伝教大師最澄と弘法大師空海。いうまでもなく平安仏教の二大巨人である。この本は、相対する二人の生き方や思想を通じて、私たちの心のふるさとを知ろうという本。あの時代に遣唐使で、命がけで唐に渡り仏教を学んだ二人を改めて学ぼう。そのエッセンスを紹介しよう。
・私は、最澄は数ある日本の宗教家の中で、もっとも澄んだ宗教家ではないかと思うのです。最澄のことを考えるとき、私は、底しれず澄んだ深い泉のようなイメージを感じます。それにたいして空海は、空と海ー。多少汚いものは入るものは入るかもしれませんがその巨大な空と海でどんな汚いものも浄められる。そういうイメージを、私は空海に感じる。果てしない広い空々漠々たる空と海。空海はそういう無限の中から生まれてきた人間ではないかと思います。
・十九歳の少年、最澄は、どんでもないことを考えたものです。それは釈迦になることなのです。仏教というものは、もともと釈迦が開いたのですが、釈迦は、人間の世界が苦であり、苦の原因が愛欲にあることを知り、愛欲の心を断って涅槃に入った。これがもともとの仏教なのです。純粋で敏感な感受性をもった最澄は、あの腐敗した奈良の仏光に耐えきれないものを感じたにちがいない。そこに真の仏教はない。仏教とは釈迦になること、少なくとも釈迦のような心になることだ、そう思って彼は山へ入って、釈迦のような心になるまで山を下りないというのです。これはたいへんなこと、まさにもっとも愚かなもっとも狂ったことですが、この愚かで狂った純粋な行為から日本の仏教は生まれるわけです。

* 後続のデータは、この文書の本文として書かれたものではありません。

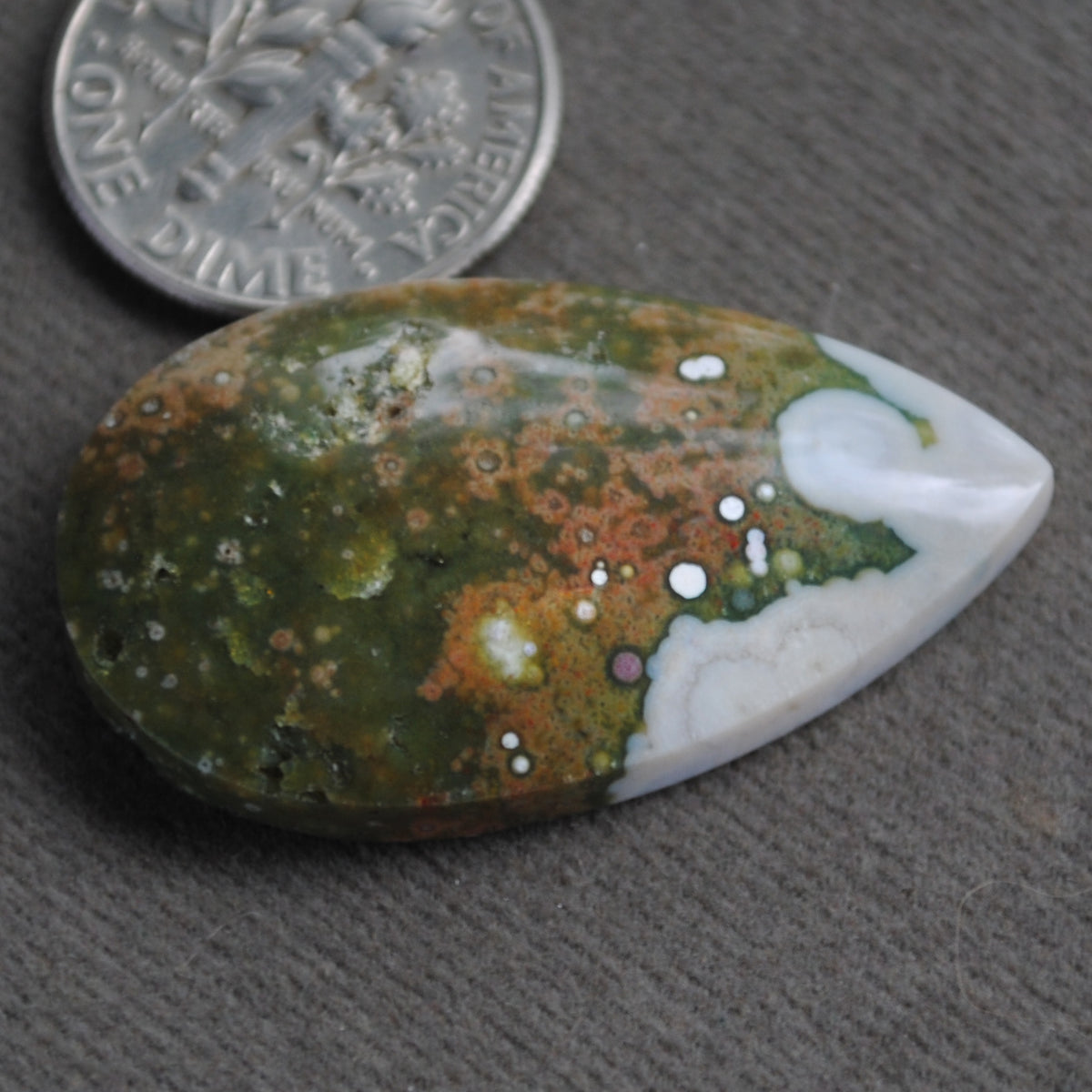 Ocean Jasper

・密教の教義は、大日如来、金剛薩埵(さった)と一体になるということです。つまり、人間は即身成仏することができる。その身そのままで大日如来や金剛薩埵と一体になれるという理論であり、その理論が空海の自信の支えになっているのだと思います。空海自身が大日如来や金剛薩埵と一体になって真言の最高の悟りを得たという自信が、こういう態度になってあらわれているというように私は思うのです。